▶ **Assignment**: Print only the lines below from the one with "Poster - Futuristic" to the one with "Boho Maxi Skirt", both included, exactly as they stand. Leave pictures out.

▶ **Dataset**:
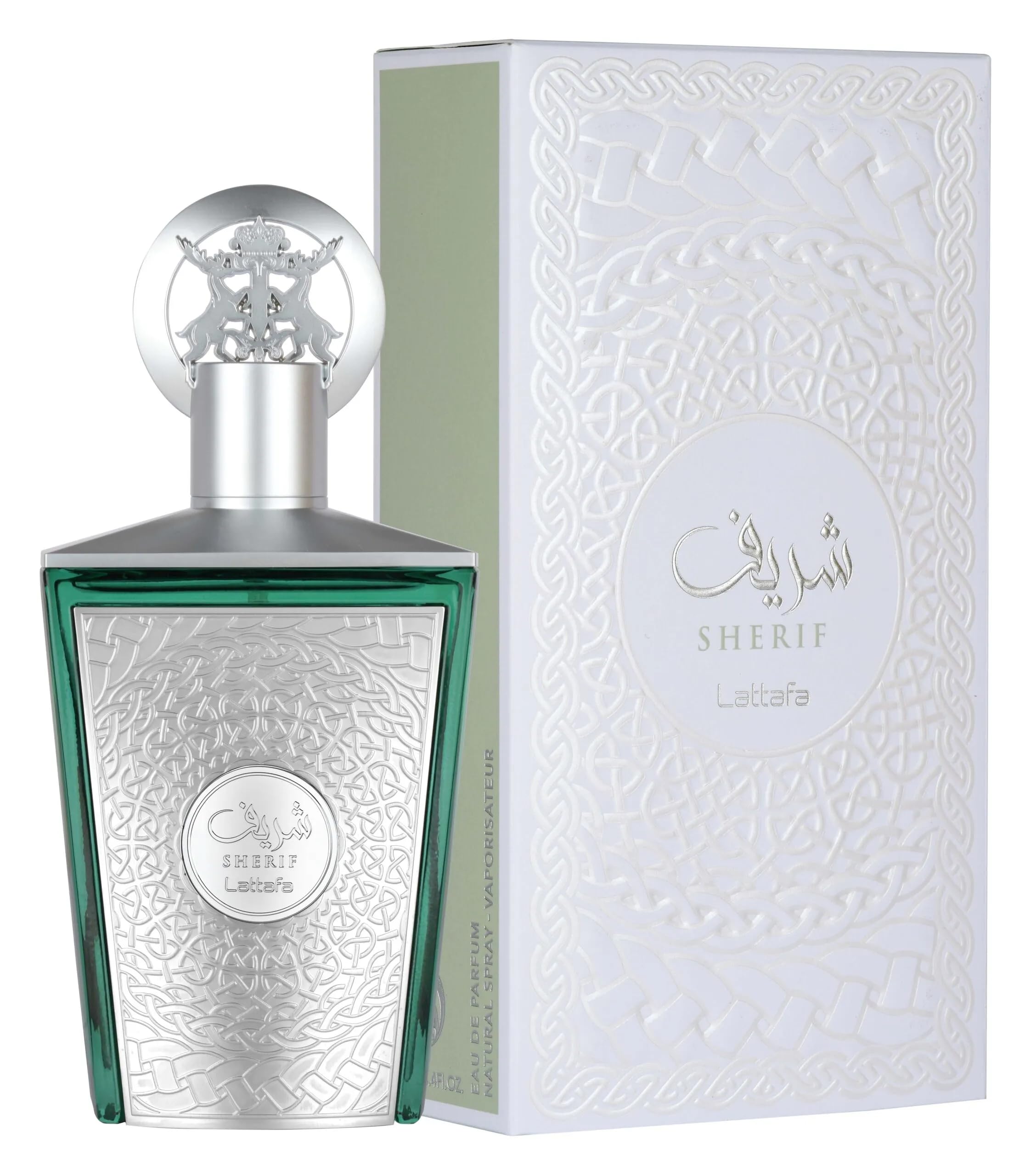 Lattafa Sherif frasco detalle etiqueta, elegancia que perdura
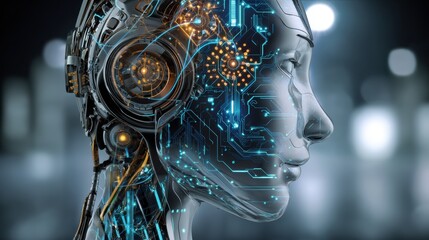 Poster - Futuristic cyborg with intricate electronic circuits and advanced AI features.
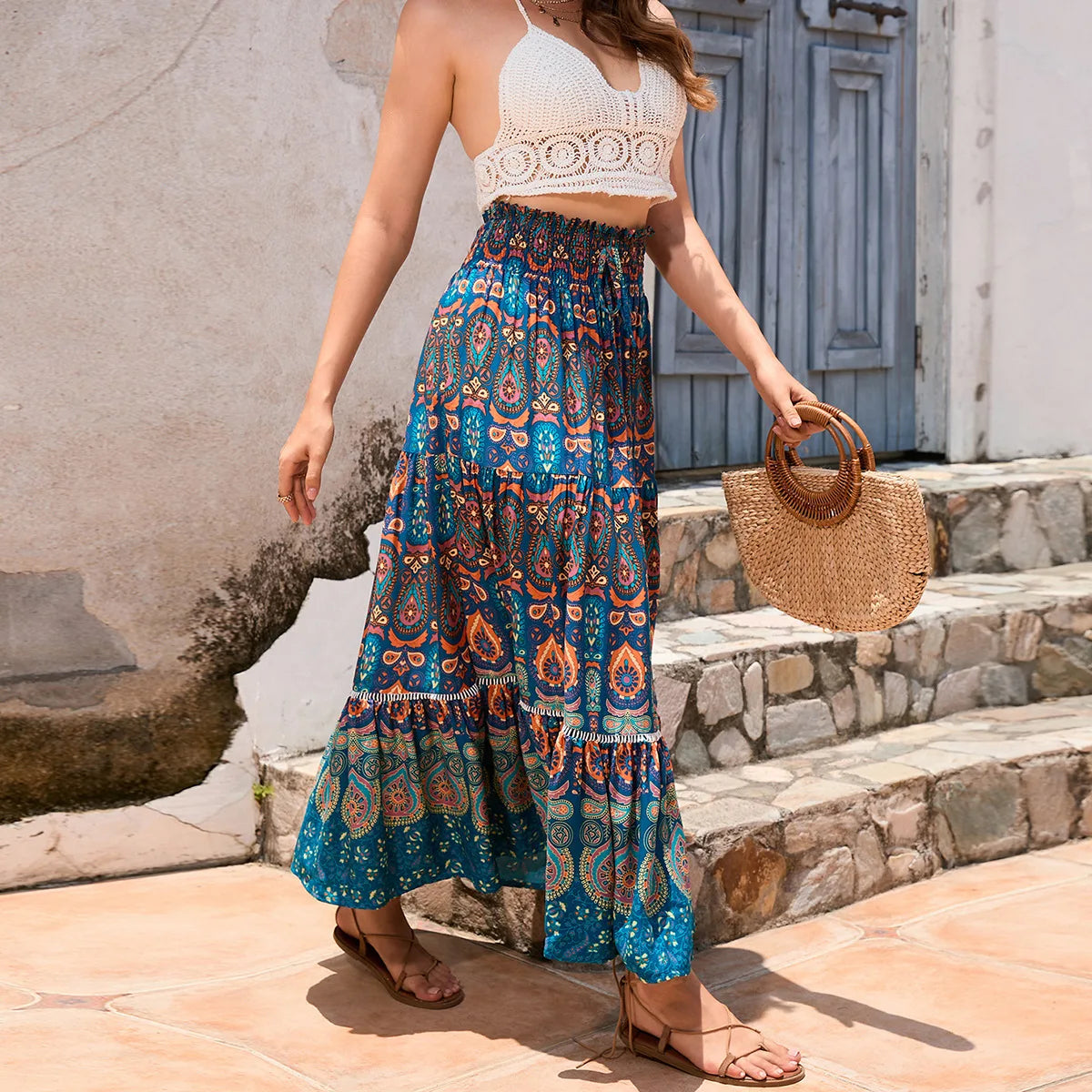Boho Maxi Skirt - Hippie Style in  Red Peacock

--

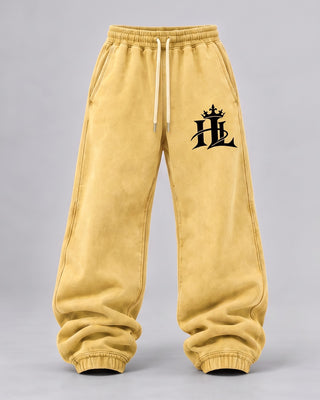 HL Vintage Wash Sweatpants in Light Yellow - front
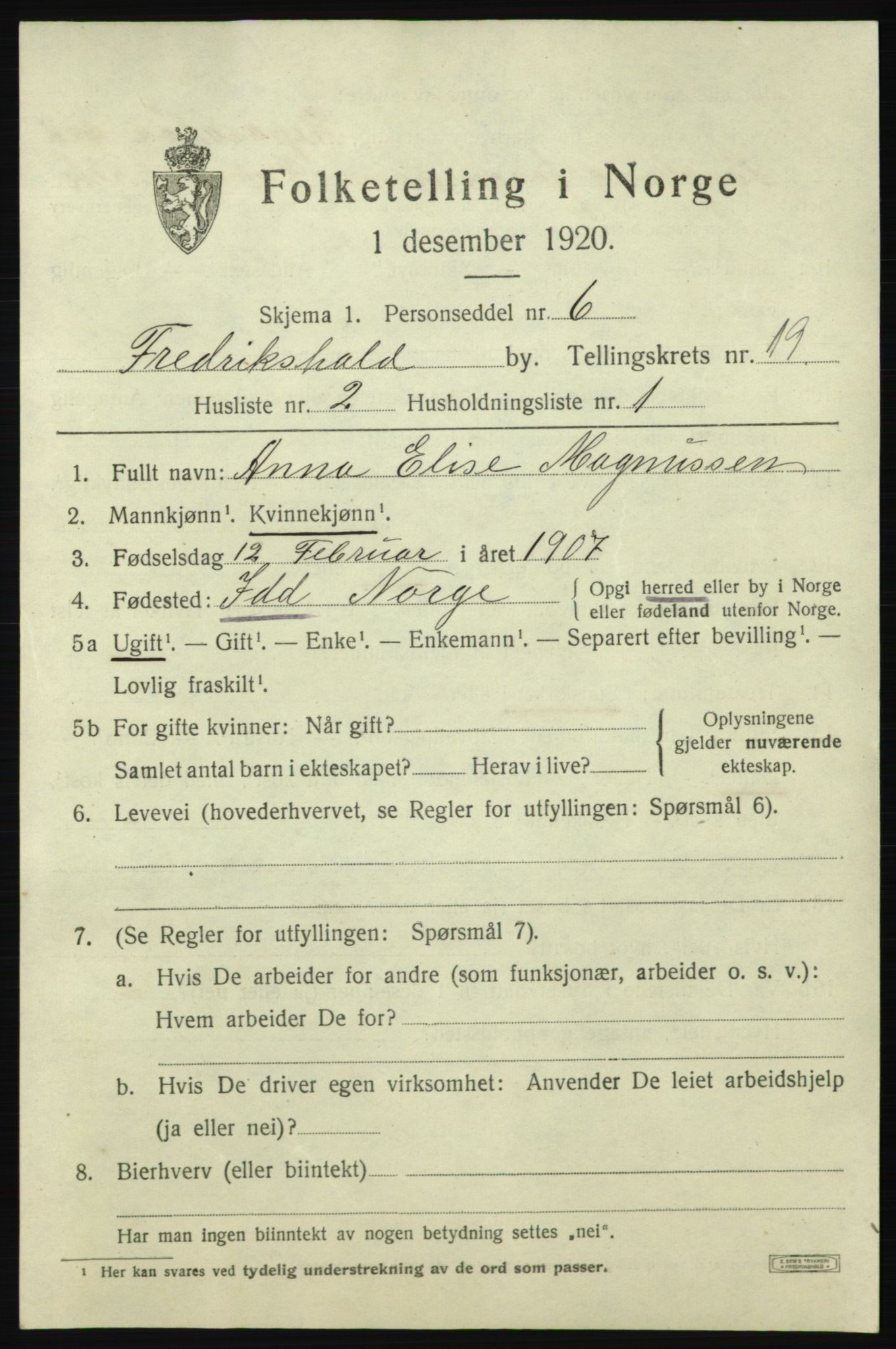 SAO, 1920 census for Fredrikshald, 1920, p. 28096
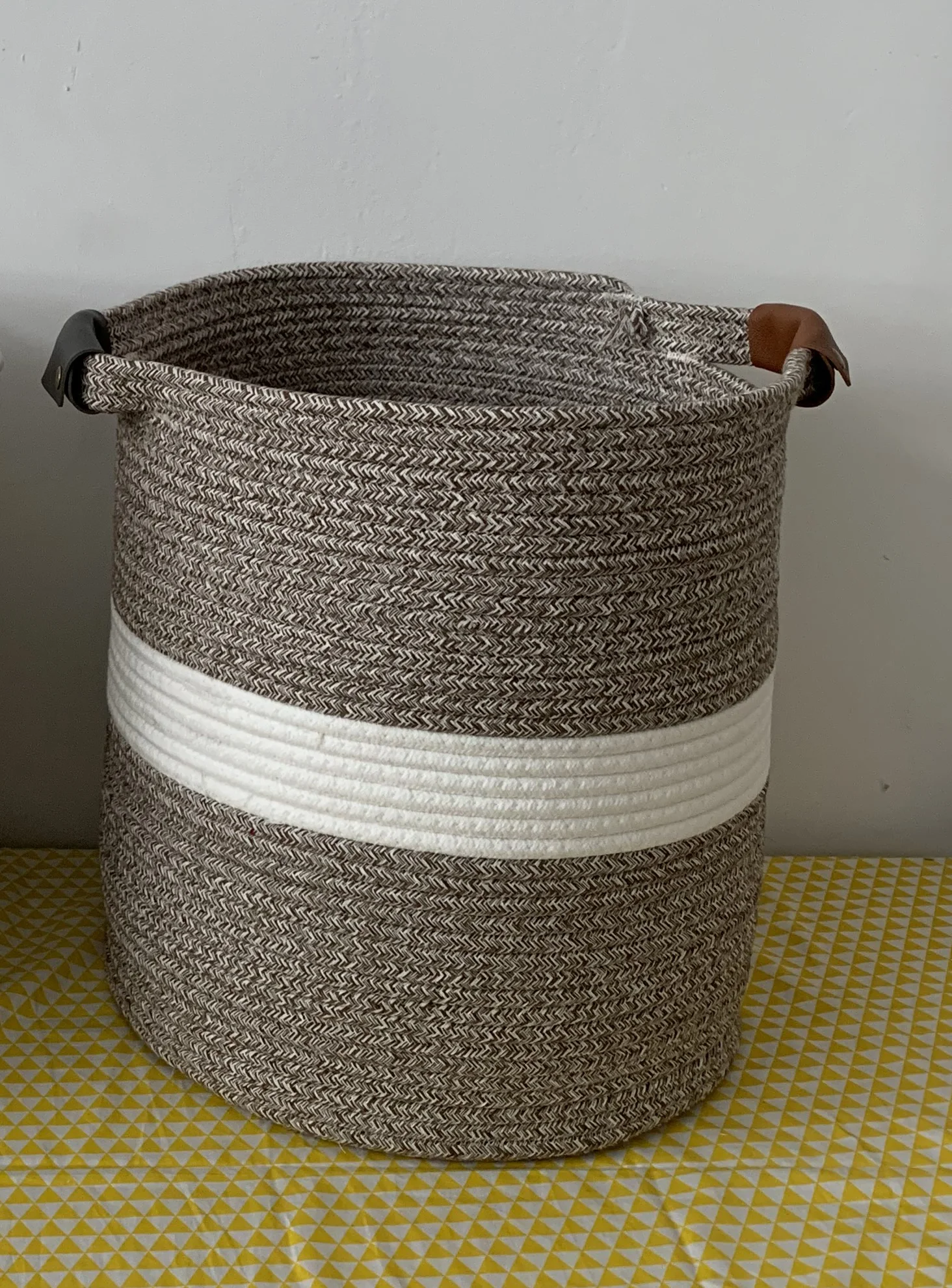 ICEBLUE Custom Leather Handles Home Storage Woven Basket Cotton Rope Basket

▶ **Solution for this exercise**:
 Poster - Futuristic cyborg with intricate electronic circuits and advanced AI features.
Boho Maxi Skirt - Hippie Style in  Red Peacock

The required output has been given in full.